Il 23 maggio 2019 alle 22:30 il progetto ha mosso il primo passo: sono stati lanciati i primi 60 satelliti Starlink dalla base di lancio SLC-40 (Space Launch Complex 40) di Cape Canaveral, in Florida. Il primo stadio del Falcon 9, il vettore a due stadi che qualche settimana fa ha supportato il primo volo di Crew Dragon verso la ISS, dopo la separazione è atterrato magistralmente sulla piattaforma “Of course I Still Love You”, nell’Oceano Atlantico. Un’ora e due minuti dopo il decollo, i satelliti Starlink sono stati rilasciati ad un’altitudine di 440 km e successivamente si sono posizionati nell’orbita di esercizio a 550 km di quota.

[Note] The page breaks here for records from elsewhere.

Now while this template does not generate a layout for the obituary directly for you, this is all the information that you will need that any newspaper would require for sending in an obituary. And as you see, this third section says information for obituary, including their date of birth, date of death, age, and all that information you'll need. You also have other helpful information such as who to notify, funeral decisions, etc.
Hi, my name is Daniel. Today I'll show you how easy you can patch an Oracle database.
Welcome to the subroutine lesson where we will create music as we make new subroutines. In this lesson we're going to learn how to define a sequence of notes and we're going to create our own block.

Per entrare ufficialmente in funzione, i satelliti dovranno essere molti di più. Secondo l’azienda i primi servizi, in alcune regioni della Terra, potrebbero partire già entro la fine dell’anno, una volta portati in orbita almeno 720 satelliti.

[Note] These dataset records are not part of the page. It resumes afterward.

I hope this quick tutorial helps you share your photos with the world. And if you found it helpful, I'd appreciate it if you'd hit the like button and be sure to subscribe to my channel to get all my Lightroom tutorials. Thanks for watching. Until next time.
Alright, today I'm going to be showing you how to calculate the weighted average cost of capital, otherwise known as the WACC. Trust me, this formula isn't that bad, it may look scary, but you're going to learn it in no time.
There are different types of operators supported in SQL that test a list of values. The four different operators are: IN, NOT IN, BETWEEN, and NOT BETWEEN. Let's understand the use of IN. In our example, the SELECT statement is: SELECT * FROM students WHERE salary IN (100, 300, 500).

L’ultimo lancio, Starlink L6, è del 22 aprile 2020 ed anche dall’Italia è stato possibile osservare ad occhio nudo il passaggio di 60 puntini luminosi e veloci nel cielo, denominati “stringhe di perle” (questo perché i satelliti erano ancora in viaggio verso l’orbita di esercizio e quindi molto vicini).

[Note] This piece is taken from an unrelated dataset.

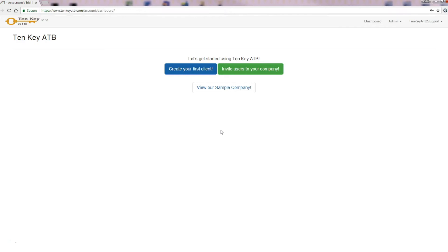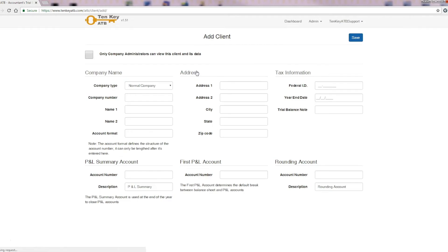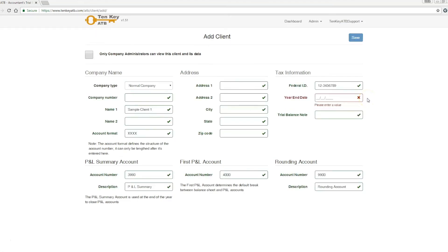Let's get started by creating your first client. Click 'Create your first client' on this screen and go ahead and fill in your client's information. Not all fields are required, however the program will not let you continue unless all required fields are filled in. If a required field is not completed, the field will be marked with a red X and a notation to please enter a value. You can see this on the year and date field.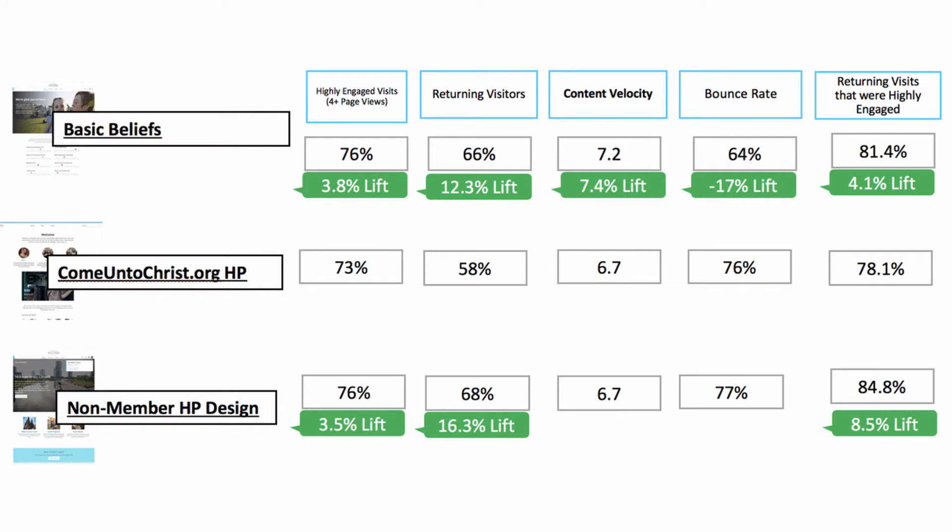Overall, we found one experience that was a clear winner — it increased almost every important metric. While the third experience did increase repeat visitors, the trade-off with other metrics may not be as strong. Now we're going to take these learnings and do some more baseline testing to continue pushing that boundary and see how we can get people highly engaged and consuming content.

Il prossimo è fissato proprio per oggi, 19 maggio alle ore 3:10 a.m. EDT. (link per conoscere i prossimi passaggi dei satelliti: https://james.darpinian.com/satellites/) SpaceX ha lanciato in orbita ben sette lotti (quello di oggi sarà quindi l’ottavo) di 60 satelliti, per un totale di 420: Starlink è attualmente la più grande flotta mondiale di satelliti commerciali mai esistita.
Starlink non è che una delle costellazioni in programma o già in fase di realizzazione: Iridium, OneWeb, Globalstar, il Project Kuiper di Amazon, Athena di Facebook. Insomma, nell’arco di qualche anno la LEO potrebbe ritrovarsi solcata in continuazione da decine di migliaia di satelliti. Molti astronomi hanno infatti espresso le loro preoccupazioni circa il disturbo creato da queste nei confronti delle osservazioni scientifiche da Terra sia ottiche che radio. L’Unione Astronomica Internazionale abbraccia il principio di un cielo oscuro e radio-silenzioso, essenziale non solo per far progredire la nostra comprensione dell’Universo, ma anche come risorsa per tutta l’umanità e per la protezione della fauna notturna.
SpaceX conferma però che molto si sta facendo affinché la rete di satelliti non costituisca un problema per le osservazioni astronomiche da Terra, dimostrando rispetto ed attenzione.
L’Istituto Nazionale di Astrofisica (INAF) ci informa tuttavia che le recenti simulazioni effettuate con oltre 25 mila satelliti a varie altezze orbitali (così da riflettere quella che dovrebbe essere la situazione nel prossimo futuro) mostrano come tali costellazioni- per quanto pressoché invisibili a occhio nudo una volta raggiunta l’orbita di destinazione- saranno luminose a sufficienza da saturare, al loro passaggio, i rivelatori dei telescopi più moderni: fino al 30 per cento delle immagini con esposizione di 30 secondi effettuate con il Rubin Observatory, per esempio, finirebbero per esserne “sporcate”. Un aspetto da tenere in considerazione è poi la fase immediatamente successiva ai lanci, ovvero quella di inserimento in orbita, durante la quale i satelliti formano, per qualche tempo, vistosissime stringhe di perle.
Starlink è indubbiamente un progetto molto affascinante dal punto di vista spaziale, ma siamo pronti a sacrificare il cielo notturno per realizzarlo?